__Data for review__.

- - -

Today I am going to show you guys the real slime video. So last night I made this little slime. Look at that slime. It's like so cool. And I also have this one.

- - -

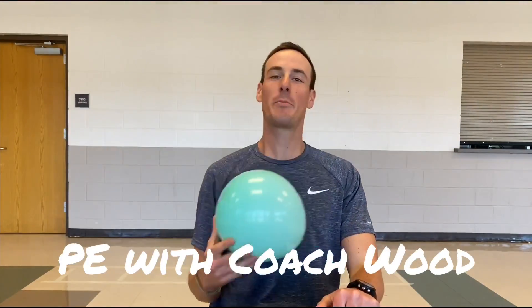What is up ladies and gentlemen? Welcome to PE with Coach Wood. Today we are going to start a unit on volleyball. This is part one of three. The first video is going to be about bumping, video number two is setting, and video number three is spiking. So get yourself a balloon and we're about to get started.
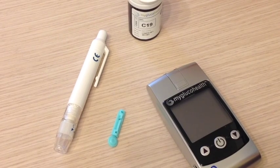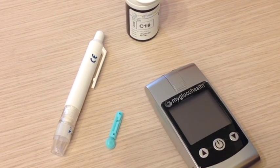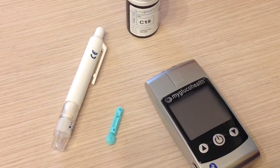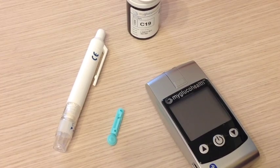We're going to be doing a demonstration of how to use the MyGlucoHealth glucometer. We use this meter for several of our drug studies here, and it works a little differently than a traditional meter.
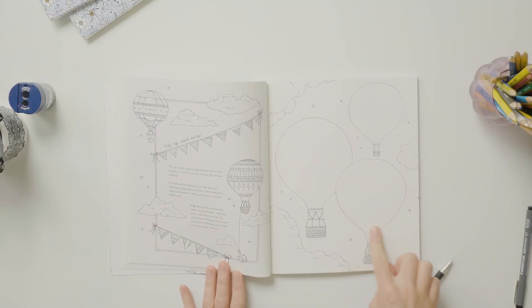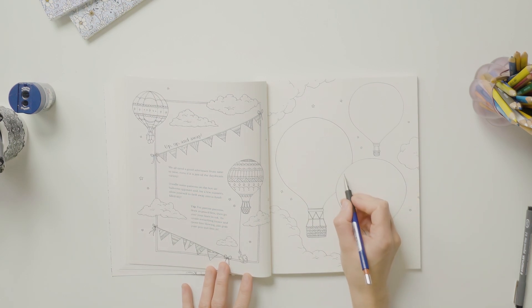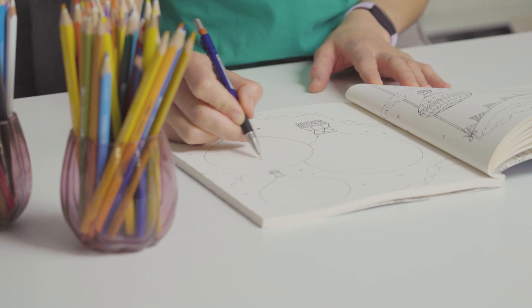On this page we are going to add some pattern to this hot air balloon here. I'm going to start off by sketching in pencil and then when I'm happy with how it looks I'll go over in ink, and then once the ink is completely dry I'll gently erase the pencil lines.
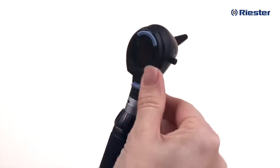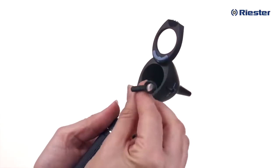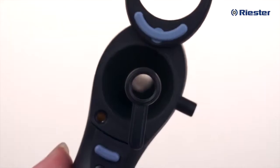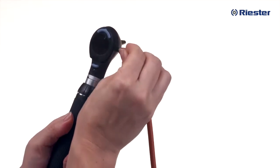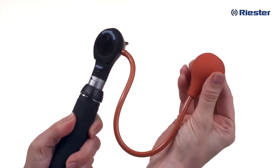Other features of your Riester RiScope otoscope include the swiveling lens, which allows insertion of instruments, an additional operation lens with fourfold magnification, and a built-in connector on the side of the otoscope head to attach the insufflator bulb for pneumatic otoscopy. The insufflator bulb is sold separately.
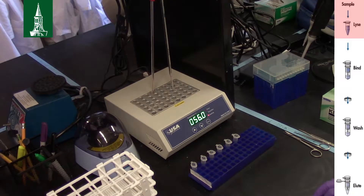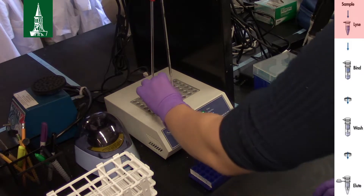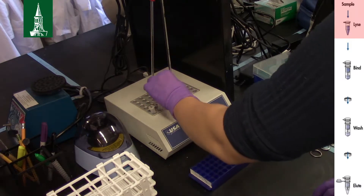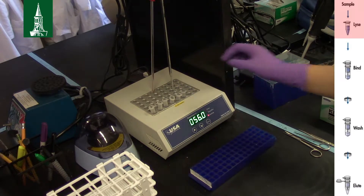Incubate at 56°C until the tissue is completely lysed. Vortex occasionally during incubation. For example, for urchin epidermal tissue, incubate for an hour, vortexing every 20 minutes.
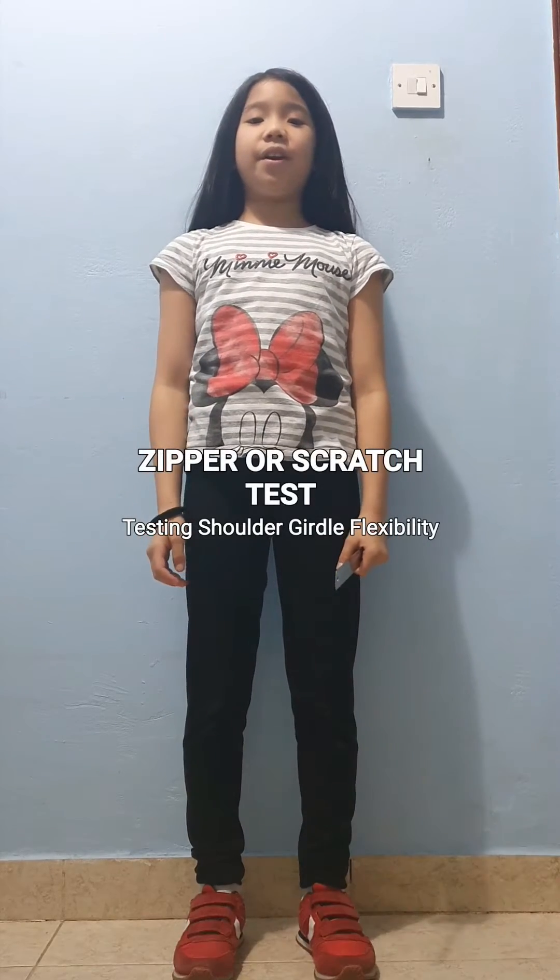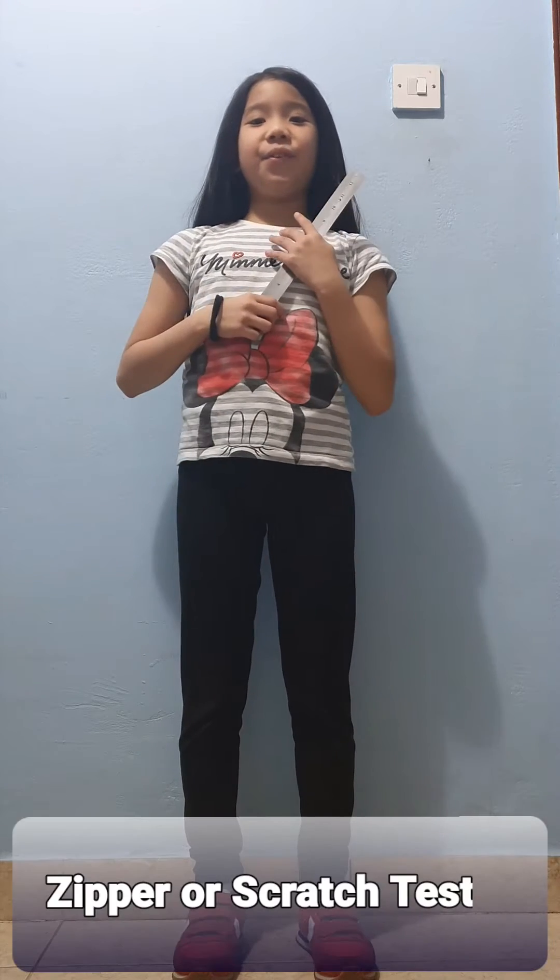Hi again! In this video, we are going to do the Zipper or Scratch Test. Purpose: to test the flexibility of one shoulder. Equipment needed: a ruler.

- - -

__Exercise instructions__. From the records above, quote word for word only the lines beginning at the line that has "Incubate at 56°C" and stopping after the line that has "Hi again! In". Omit the pictures.

__Solution to this exercise__.
Incubate at 56°C until the tissue is completely lysed. Vortex occasionally during incubation. For example, for urchin epidermal tissue, incubate for an hour, vortexing every 20 minutes.
Hi again! In this video, we are going to do the Zipper or Scratch Test. Purpose: to test the flexibility of one shoulder. Equipment needed: a ruler.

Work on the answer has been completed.